An exact transcription is needed of the lines below from the one with "Modern kitchen with" through the one with "Study is directly", with no other lines and no pictures.
==== Input
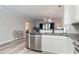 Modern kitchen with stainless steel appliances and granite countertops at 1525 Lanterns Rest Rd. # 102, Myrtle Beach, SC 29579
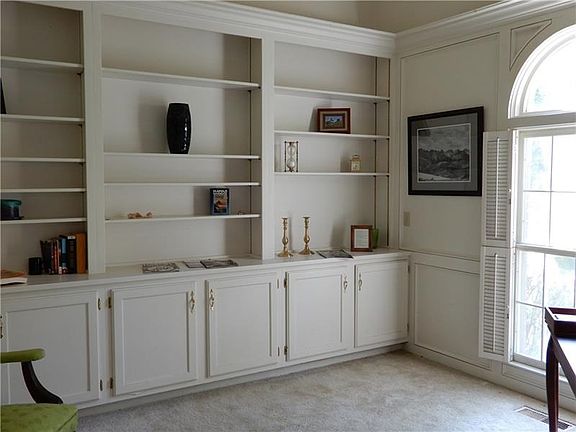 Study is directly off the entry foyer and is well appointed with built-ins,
========
==== Input
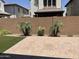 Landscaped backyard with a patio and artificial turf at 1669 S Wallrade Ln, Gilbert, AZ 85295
========
==== Input
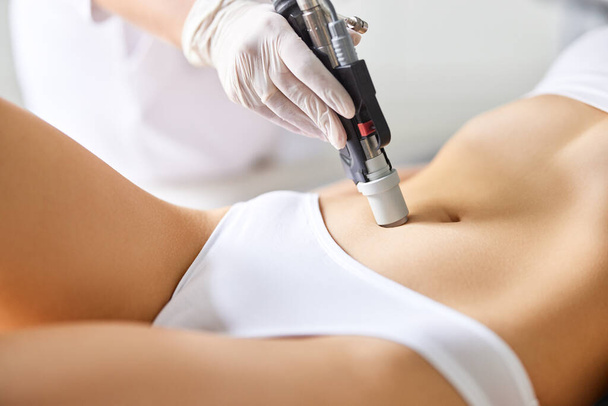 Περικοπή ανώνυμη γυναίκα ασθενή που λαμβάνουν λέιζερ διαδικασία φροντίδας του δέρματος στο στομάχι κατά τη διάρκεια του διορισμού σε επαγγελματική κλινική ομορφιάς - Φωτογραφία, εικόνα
========
:: Written response ::
 Modern kitchen with stainless steel appliances and granite countertops at 1525 Lanterns Rest Rd. # 102, Myrtle Beach, SC 29579
 Study is directly off the entry foyer and is well appointed with built-ins,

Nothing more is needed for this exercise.